This mirror is a classic variation on the Mission design theme that elevates simple rails and stiles while also showing off your joinery skills. I added a slight convex arc on the top rail, but you don't have to stop there. A concave arc on the mirror's bottom rail is also an option. The flat frame surfaces are ideal for inlay or incised carvings. Simple corbelled candle sconces could also be mounted to the stiles.
The exposed corner tenons are key to the design. Mission principles allow structural details to serve as decoration.
Download the mission mirror project plans here!
| YOU WILL NEED | ||
|---|---|---|
| PART | SIZE* | QTY |
| Top rail | 3/4" x 5" x 47 5/8" | 1 |
| Bottom rail | 3/4" x 4" x 47 5/8" | 1 |
| Stiles | 3/4" x 4" x 34 1/2" | 2 |
| All parts made from white oak *Length indicates grain direction | ||
The right frame
Ideally, the size of every mirror frame should be tailored to fit the place where it's going to hang. Find a home for your mirror before you start work, then adjust length and width dimensions to suit the space.

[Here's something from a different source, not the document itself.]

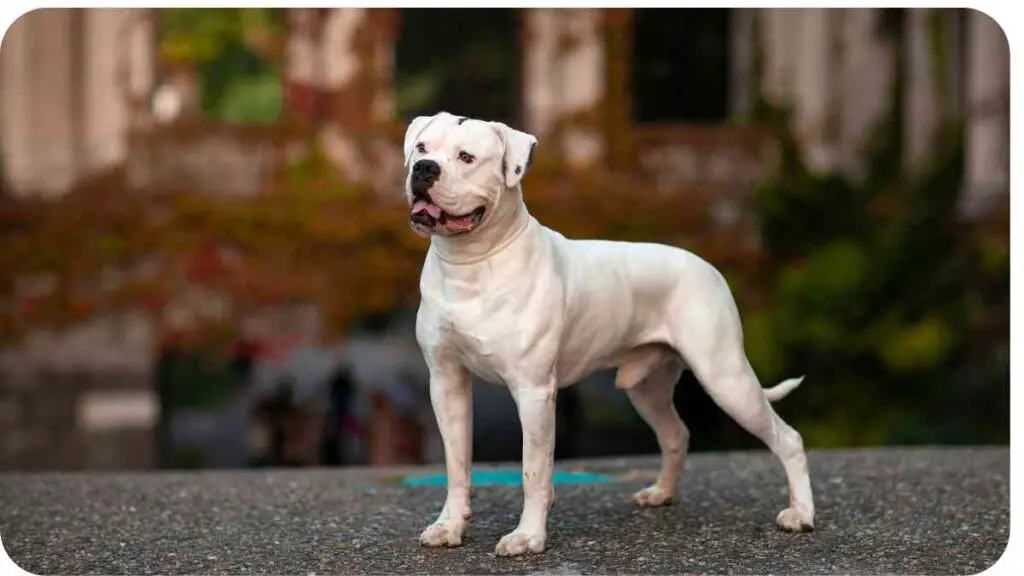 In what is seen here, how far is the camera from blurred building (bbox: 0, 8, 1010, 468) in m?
17.1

Begin by choosing and milling your wood. I used quartersawn white oak-the classic species for Mission designs-although other hardwoods work fine too. The rails and stiles are all 3/4" thick. Notice that the top rail is an inch wider than the bottom rail, to accommodate the arc.
Once you have milled your stock, lay out, cut and test assemble all mortises and tenons without glue.
Mirror, mirror
You have a couple of options for preparing the arc on the top rail. You could make a router template to match the curve, then rough-cut it with a jigsaw before using a bearing-guided flush-trimming router bit to transfer the final shape to your wood. You could also trace the arc directly onto the wood, rough-cut it with a saw, then refine the shape with a block plane or belt sander.
Either way, draw the arc by tracing a bent piece of thin wood, or set up a very large compass with a long piece of rigid scrap pivoting on a finishing nail.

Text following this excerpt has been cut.